> **PROBLEM TO WORK ON**
When a line in the data below includes "Picture", pick it out and copy it.

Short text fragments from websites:
....................

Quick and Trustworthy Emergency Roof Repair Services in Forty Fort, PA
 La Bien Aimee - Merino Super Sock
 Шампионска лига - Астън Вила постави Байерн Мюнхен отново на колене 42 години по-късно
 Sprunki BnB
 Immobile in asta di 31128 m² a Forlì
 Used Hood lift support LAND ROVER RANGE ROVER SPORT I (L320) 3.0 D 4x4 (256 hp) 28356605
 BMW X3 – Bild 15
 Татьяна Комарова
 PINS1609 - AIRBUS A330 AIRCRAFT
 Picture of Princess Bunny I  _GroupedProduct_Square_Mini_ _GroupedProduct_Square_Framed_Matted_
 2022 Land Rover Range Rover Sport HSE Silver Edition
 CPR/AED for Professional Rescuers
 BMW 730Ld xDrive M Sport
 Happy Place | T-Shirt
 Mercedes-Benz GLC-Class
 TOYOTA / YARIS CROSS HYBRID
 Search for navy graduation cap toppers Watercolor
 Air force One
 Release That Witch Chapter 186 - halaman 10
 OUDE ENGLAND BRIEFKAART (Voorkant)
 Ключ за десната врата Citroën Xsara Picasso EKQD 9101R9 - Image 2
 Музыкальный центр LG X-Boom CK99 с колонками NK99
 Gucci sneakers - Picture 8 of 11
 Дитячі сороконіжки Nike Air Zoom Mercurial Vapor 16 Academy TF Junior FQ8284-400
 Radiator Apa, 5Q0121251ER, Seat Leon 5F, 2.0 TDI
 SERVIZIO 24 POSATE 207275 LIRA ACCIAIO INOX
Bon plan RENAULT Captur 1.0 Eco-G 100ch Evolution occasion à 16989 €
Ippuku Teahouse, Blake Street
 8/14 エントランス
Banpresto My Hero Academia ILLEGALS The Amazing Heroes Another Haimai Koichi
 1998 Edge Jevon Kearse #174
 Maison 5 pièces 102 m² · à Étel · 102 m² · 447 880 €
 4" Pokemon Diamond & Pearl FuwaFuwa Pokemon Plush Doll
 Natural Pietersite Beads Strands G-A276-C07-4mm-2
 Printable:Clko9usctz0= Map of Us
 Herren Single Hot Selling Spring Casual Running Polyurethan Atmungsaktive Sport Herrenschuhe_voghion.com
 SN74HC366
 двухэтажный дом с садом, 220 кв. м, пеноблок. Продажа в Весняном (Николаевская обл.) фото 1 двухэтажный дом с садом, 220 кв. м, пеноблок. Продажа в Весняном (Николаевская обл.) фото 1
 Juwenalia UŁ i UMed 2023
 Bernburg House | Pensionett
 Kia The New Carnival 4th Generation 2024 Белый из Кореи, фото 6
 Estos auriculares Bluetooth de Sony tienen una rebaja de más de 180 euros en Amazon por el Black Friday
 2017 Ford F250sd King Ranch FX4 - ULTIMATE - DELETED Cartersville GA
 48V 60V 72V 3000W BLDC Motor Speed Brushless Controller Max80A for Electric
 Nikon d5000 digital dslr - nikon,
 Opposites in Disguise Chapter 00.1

....................

> **OUTPUT**
 Picture of Princess Bunny I  _GroupedProduct_Square_Mini_ _GroupedProduct_Square_Framed_Matted_
 Gucci sneakers - Picture 8 of 11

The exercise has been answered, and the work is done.